Our search for the best nursery humidifier started by considering single-room units that use cool mist technology. After selecting models with a variety of different features, we considered online reviews and user options as well as our own experiences and test results to choose the winners.
Testing Ease of Cleaning
We followed manufacturer cleaning instructions during our hands-on testing to compare daily and/or weekly maintenance tasks for each model. We considered the amount of time involved to keep each unit in tip-top shape, as well as the difficulty created by tight spaces, and the need for extra cleaning tools.
To judge how effective each humidifier is in raising the humidity level in baby's nursery, we placed each humidifier in a closed 120 square foot room and ran it at its highest setting for one hour. During that time, we continuously measured the humidity level, making sure to start each test at equal humidity levels for consistency. This test shows that all products can raise the humidity level to some degree in the small space. There was a wide performance range in this test.

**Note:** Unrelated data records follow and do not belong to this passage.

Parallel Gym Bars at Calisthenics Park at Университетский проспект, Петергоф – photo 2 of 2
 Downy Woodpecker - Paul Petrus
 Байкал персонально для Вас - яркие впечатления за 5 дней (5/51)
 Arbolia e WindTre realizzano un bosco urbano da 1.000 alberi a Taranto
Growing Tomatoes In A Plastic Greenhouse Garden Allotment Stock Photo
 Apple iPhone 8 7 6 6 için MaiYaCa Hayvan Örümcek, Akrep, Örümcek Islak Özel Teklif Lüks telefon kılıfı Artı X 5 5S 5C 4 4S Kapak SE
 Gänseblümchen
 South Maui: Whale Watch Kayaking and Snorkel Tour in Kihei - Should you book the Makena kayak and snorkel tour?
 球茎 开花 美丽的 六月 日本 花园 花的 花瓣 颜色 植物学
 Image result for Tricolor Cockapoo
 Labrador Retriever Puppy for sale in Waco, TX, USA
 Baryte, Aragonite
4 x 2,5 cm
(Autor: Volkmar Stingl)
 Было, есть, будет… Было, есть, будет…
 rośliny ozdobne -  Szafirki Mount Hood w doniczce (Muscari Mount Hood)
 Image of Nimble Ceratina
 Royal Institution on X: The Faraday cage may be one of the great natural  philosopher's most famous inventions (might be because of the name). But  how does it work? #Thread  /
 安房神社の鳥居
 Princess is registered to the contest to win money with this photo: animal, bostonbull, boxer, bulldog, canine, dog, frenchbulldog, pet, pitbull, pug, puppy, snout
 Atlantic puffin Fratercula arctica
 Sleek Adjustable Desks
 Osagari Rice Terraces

We measured noise levels during operation using a decibel meter placed 1 meter from each humidifier. We also test each unit subjectively during hands-on testing, placing units side-by-side to determine their order from quietest to noisiest. During hands-on testing, we consider the type of noise in addition to the overall noise level. Some humidifiers produced a distinct pitch, which tended to fatigue the ears more quickly than options that produce more of a fan or "white noise."
Testing Ease of Use
Ease of Use considers both features and design with options that offer programmability earning higher ease of use scores. Humidifiers earn extra points for auto shut-off, large tank capacity, internal hygrometers, timers, filters, nightlights, and anything else that gives the user extra control over performance. The design considers each humidifier's features in context. Humidifiers, with too many features, can be complicated to operate and require lots of extra maintenance.
Choosing the best humidifier for your little one's room can be a crucial decision. Increasing moisture in the air can be the difference between your child sleeping or continuing to feel congested. With so many potential options on the market, each with different features, finding the best product for your family can be challenging. To help you determine which humidifier is right for you, we used each option in this review to assess overall performance, ease of cleaning, and general functionality. While we feel the award-winning competitors are the best in the group, other top-scoring options might include the features you desire. Armed with our insider information from testing, you can find the best product for your little one and your wallet.